- THE DATA:
************
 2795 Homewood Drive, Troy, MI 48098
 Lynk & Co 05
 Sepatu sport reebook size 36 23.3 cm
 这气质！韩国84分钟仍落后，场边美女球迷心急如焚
************
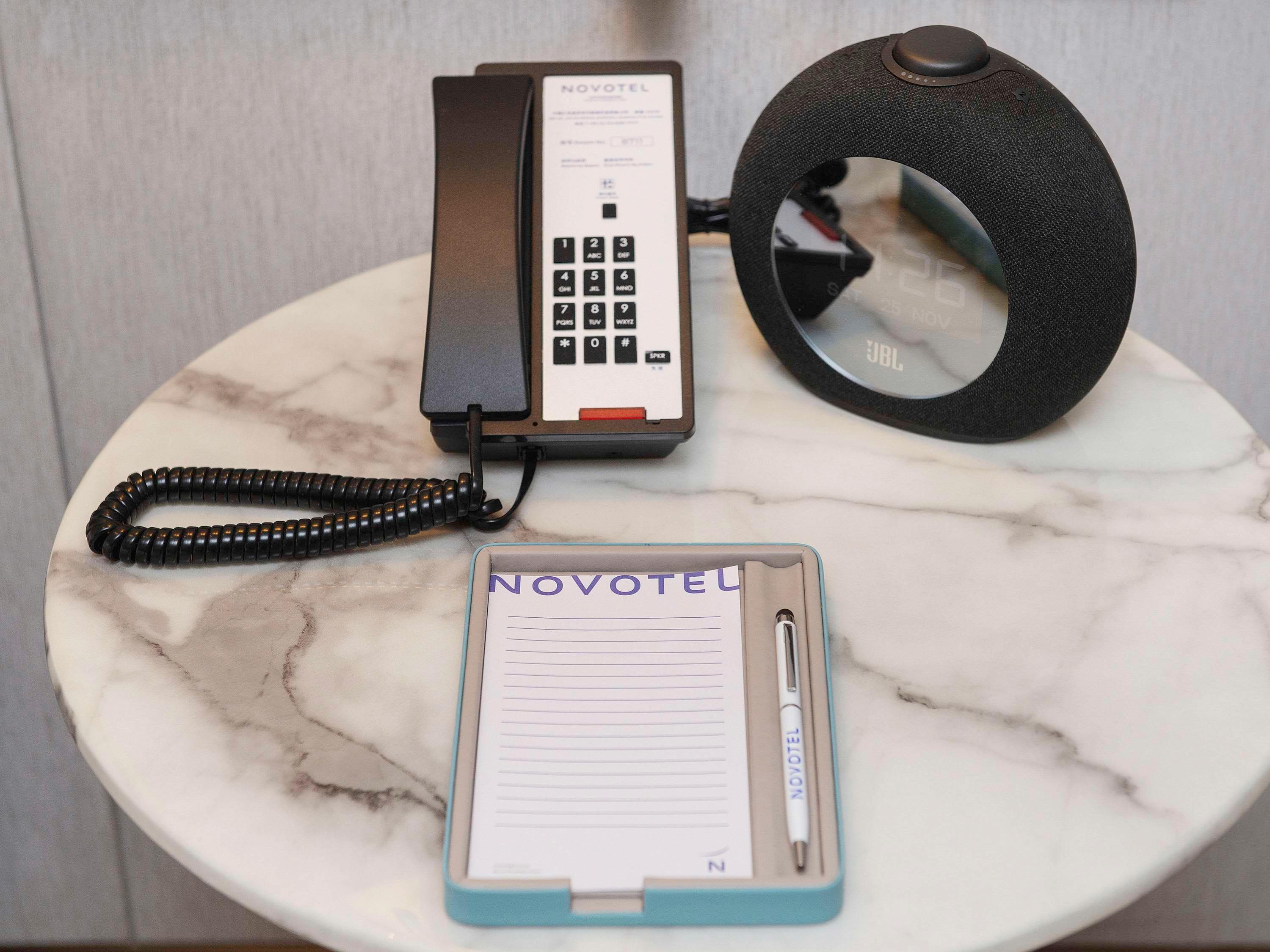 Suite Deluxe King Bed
************
- HOW TO COMPLETE THIS TASK: Restate word for word the entries above, starting at the line with "Sepatu sport reebook size 36 23.3 cm" and ending at the line with "这气质！韩国84分钟仍落后，场边美女球迷心急如焚", inclusive, and no others.

- SOLUTION TO THE EXERCISE:
 Sepatu sport reebook size 36 23.3 cm
 这气质！韩国84分钟仍落后，场边美女球迷心急如焚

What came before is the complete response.